L'intérieur, pour moitié recouvert de tapis avec le mihrab, simple
niche à hauteur d'homme, orienté vers l'est. L'autre moitié,
le sol en terre battue, comporte un pupitre, un tableau (seul élément
étrange en ce lieu) et des dizaines de planchettes avec des sourates de
coran, appartenant à autant d'élèves qui suivent les cours
de religion.
C'est l'une des communes
les plus pauvres de la région. L'eau se faisant rare (moins de précipitations,
moins d'enneigement), les sources se tarissent, et les gens abandonnent leurs
vergers qui meurent sur pied. Rien n'est plus terrible et désolant que
de voir des arbres mourir doucement et très vite blanchir tels des squelettes
au soleil.
Pourtant, malgré ce dénuement, nous fûmes chaleureusement
et généreusement accueillis et invités à passer la
nuit. Mieux encore, invités à revenir avec nos amis et notre famille
pour un plus long séjour, car, selon eux je n'aurais vu que le quart de
ce qu'il faudrait visiter. Quant à l'irhab (le terrorisme) " il n'existe
pas dans notre région, ou plutôt, " ils " nous fichent
la paix ".
Une vallée de
7 km qui serpente à travers un canyon magnifique. Pas de routes ni pistes
carrossables et donc pas de voitures, pas d'électricité, pas de
téléphone, pas de gaz, et pas d'eau courante ! C'est la nature telle
qu'elle fut " façonnée " depuis des siècles et
rien n'y a changé si ce n'est le manque d'eau.
Si cela peut paraître un paradis pour des touristes écolos, c'est
plutôt l'enfer pour ses habitants qui désertent de plus en plus cette
vallée aussi peu nourricière !
Mon ami et précieux guide pour cette excursion, Ahmed Boussaha, est un
amoureux inconditionnel de Terchiouine, de la nature, de la culture, de l'environnement
et un passionné de toponymie et de linguistique.
Grâce à
lui j'ai pu découvrir les greniers suspendus où l'on y accède
par des cordes. Mais aussi photographier des grottes recouvertes de gravures rupestres
Bien sûr elles ne valent pas celles du Tassili ou de Lascaux, mais néanmoins,
on y voit des mouflons aux cornes superbes, des hommes, des signes : traits, ronds,
points et le S et le Z amazigh en tifinagh.
Une autre grotte où le ruissellement et l'égouttement de l'eau ont
ciselés des bassins, drapés des franges, le tout dans une blancheur
écarlate.
Dans ce micro climat s'y maintient une faune et une flore uniques dans la région.
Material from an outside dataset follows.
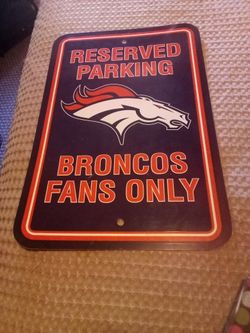 Broncos  Plastic Sign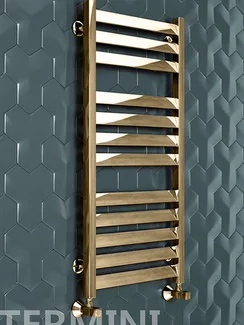 Termini Bronze - бронзовый дизайн полотенцесушитель с прямоугольными вертикалями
C'est le seul endroit, et nulle part ailleurs, où j'ai pu voir de la fougère
comme en Europe !
De temps à autre
on voit au loin des bergers avec leurs troupeaux courir sur les rochers comme
s'ils étaient sur un boulevard ! Les uns et les autres s'interpellent d'une
rive à l'autre et l'on s'entend très bien même à des
centaines de mètres grâce à l'écho et à l'encaissement
de la vallée.
En haut de la vallée, existe une falaise en forme de couronne appelée
Ouchen amellal. La légende raconte que cet Ouchen amellal, tint tête
à lui seul contre d'innombrables ennemis venus le déloger et lui
dérober son trésor. Profitant de la bataille, son épouse
s'enfuit avec son enfant et se réfugie à Ighzer n'welma. Plus tard
ce fils d'Ouchen amellal revient dans le région et s'y réinstalle
de nouveau.
Ce rocher est appelé également Amghar.